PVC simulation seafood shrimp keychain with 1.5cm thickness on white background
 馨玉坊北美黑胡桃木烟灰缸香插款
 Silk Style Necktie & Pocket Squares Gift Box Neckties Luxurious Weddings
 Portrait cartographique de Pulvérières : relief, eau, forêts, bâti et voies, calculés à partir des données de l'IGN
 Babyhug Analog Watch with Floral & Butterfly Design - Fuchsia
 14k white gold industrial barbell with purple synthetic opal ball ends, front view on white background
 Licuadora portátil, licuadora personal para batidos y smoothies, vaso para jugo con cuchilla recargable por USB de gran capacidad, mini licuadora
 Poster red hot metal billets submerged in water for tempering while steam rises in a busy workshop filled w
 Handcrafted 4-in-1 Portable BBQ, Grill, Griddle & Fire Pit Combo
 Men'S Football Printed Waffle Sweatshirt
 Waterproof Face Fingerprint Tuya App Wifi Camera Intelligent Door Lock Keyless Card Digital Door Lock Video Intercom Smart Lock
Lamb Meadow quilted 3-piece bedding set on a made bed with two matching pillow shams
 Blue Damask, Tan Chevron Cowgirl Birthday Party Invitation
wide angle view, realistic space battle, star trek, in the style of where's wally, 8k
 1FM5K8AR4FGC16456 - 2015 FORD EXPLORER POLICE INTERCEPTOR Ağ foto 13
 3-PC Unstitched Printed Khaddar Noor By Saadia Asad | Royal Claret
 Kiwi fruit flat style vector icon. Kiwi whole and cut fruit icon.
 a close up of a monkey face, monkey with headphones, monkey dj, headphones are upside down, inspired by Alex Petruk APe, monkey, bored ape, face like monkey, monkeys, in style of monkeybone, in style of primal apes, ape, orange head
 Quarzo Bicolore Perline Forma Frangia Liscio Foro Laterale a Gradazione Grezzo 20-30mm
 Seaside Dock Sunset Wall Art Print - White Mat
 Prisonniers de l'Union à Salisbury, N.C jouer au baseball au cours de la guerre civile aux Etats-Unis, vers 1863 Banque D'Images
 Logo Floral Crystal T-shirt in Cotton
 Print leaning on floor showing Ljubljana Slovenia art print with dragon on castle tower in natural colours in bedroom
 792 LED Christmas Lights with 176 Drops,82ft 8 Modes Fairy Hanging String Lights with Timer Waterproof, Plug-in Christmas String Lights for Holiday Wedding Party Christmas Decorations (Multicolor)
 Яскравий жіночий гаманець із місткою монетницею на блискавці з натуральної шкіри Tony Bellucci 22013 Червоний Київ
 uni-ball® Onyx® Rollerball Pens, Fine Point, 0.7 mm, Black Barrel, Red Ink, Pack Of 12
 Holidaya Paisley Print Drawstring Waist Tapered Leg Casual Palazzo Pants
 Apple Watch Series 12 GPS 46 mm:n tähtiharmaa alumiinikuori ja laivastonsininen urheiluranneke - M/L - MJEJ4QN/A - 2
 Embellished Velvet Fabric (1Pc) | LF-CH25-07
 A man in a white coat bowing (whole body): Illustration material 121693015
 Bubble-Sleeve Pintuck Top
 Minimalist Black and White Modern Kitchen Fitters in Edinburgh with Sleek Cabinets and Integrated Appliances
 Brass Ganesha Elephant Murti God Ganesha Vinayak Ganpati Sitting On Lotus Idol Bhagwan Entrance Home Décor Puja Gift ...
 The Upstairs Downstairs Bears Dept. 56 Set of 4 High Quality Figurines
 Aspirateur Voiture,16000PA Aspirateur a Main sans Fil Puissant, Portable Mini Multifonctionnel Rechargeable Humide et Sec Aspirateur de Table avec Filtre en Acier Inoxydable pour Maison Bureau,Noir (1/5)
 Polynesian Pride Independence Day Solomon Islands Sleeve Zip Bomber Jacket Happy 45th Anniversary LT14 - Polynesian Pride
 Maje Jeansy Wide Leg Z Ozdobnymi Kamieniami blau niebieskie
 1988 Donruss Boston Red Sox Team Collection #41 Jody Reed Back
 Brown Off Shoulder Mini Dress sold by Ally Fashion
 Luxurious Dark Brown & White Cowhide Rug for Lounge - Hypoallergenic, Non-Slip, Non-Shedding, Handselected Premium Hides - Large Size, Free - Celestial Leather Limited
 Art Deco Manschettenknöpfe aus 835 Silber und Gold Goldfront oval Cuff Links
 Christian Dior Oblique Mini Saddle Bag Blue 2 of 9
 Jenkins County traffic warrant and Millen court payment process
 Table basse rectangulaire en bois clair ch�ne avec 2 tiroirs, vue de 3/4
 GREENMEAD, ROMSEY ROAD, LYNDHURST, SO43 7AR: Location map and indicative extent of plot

——————————

What you need to do → Restate word for word the entries above, starting at the line with "Holidaya Paisley Print" and ending at the line with "Embellished Velvet Fabric (1Pc) | LF-CH25-07", inclusive, and no others.

Exercise response →
 Holidaya Paisley Print Drawstring Waist Tapered Leg Casual Palazzo Pants
 Apple Watch Series 12 GPS 46 mm:n tähtiharmaa alumiinikuori ja laivastonsininen urheiluranneke - M/L - MJEJ4QN/A - 2
 Embellished Velvet Fabric (1Pc) | LF-CH25-07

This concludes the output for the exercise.